Weil bineator da regelmäßig mitliest und postet, aber das hast Du ja gestern schon getan. 

Gruß,
Fancy


----------



## DerTherion (7. Jan 2010)

hallo fancy,

ich denk mal das da noch einige im "winter"urlaub sind 
aber vielen dank für deine antwort.

ich habe eine extrem unsaubere methode im netz gefunden...
(die evtl dem einen oder anderen hilfreich sein könnte)

innerhalb des dist ordner sind die lib in system kategorien sortiert..
ich nehm mir den inhalt aus z.b. der natives-windows-i586  oder mac (je nach system)
.. und kopiere einfach alle files darin in das verzeichnis der "main" jar .. 
im lib odner muss vorhanden sein : gluegen-rt.jar,jogl.jar,nativewindow.all.jar und newt.all.jar 
...und schon läufen die jogl2 sachen als standalone..
(systeme wie solaris funktionieren anscheinen noch gar nicht richtig)


dirty but works

ich wüsste nur gerne eine saubere methode

viele grüße  theri


----------



## Guest2 (8. Jan 2010)

DerTherion hat gesagt.:


> ich nehm mir den inhalt aus z.b. der natives-windows-i586  oder mac (je nach system)
> .. und kopiere einfach alle files darin in das verzeichnis der "main" jar ..
> im lib odner muss vorhanden sein : gluegen-rt.jar,jogl.jar,nativewindow.all.jar und newt.all.jar
> ...und schon läufen die jogl2 sachen als standalone..

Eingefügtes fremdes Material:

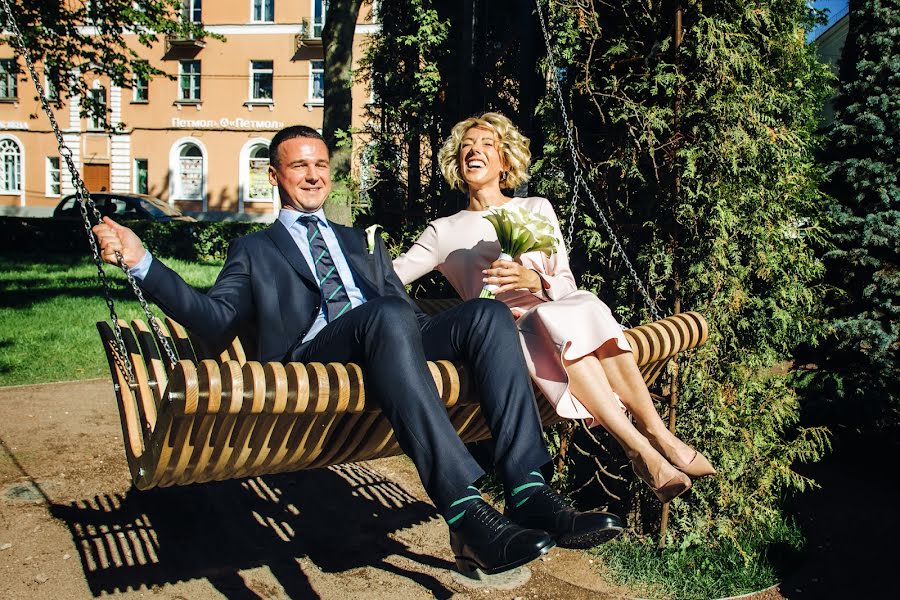 Fotógrafo de casamento Pavel Titov (sborphoto). Foto de 3 de agosto 2017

Wobei mich interessieren würde, keine der von Dir angegebenen Jars enthält die nativen Libraries (also z.B. unter Windows: gluegen-rt.dll, jogl_gl2.dll, jogl2es12.dll, nativewindow_awt.dll, nativewindow_jvm.dll, newt.dll) und wenn Dein Programm ohne IDE läuft muss der die auch irgendwo her holen. Liegen die auch in dem Verzeichnis?

(oder anders, gibt es in dem Netbeans Pack eine Tool Klasse die das laden von nativen Libraries zu Laufzeit vereinfacht? (on the fly aus irgend einem Jar heraus?))



DerTherion hat gesagt.:


> (systeme wie solaris funktionieren anscheinen noch gar nicht richtig)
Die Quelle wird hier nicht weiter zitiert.